Task to carry out: What you return must match the records word for word.
---------- Source material ----------
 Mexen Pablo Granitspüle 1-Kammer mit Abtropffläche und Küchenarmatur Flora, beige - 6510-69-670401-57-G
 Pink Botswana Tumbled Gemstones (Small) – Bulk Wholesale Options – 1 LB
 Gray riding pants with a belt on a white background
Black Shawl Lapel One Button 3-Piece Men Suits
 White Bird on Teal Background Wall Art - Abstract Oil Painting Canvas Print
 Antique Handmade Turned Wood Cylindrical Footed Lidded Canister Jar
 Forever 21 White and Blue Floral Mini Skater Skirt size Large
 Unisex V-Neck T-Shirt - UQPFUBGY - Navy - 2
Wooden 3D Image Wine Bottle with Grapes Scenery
----------
Written response:
 Mexen Pablo Granitspüle 1-Kammer mit Abtropffläche und Küchenarmatur Flora, beige - 6510-69-670401-57-G
 Pink Botswana Tumbled Gemstones (Small) – Bulk Wholesale Options – 1 LB
 Gray riding pants with a belt on a white background
Black Shawl Lapel One Button 3-Piece Men Suits
 White Bird on Teal Background Wall Art - Abstract Oil Painting Canvas Print
 Antique Handmade Turned Wood Cylindrical Footed Lidded Canister Jar
 Forever 21 White and Blue Floral Mini Skater Skirt size Large
 Unisex V-Neck T-Shirt - UQPFUBGY - Navy - 2
Wooden 3D Image Wine Bottle with Grapes Scenery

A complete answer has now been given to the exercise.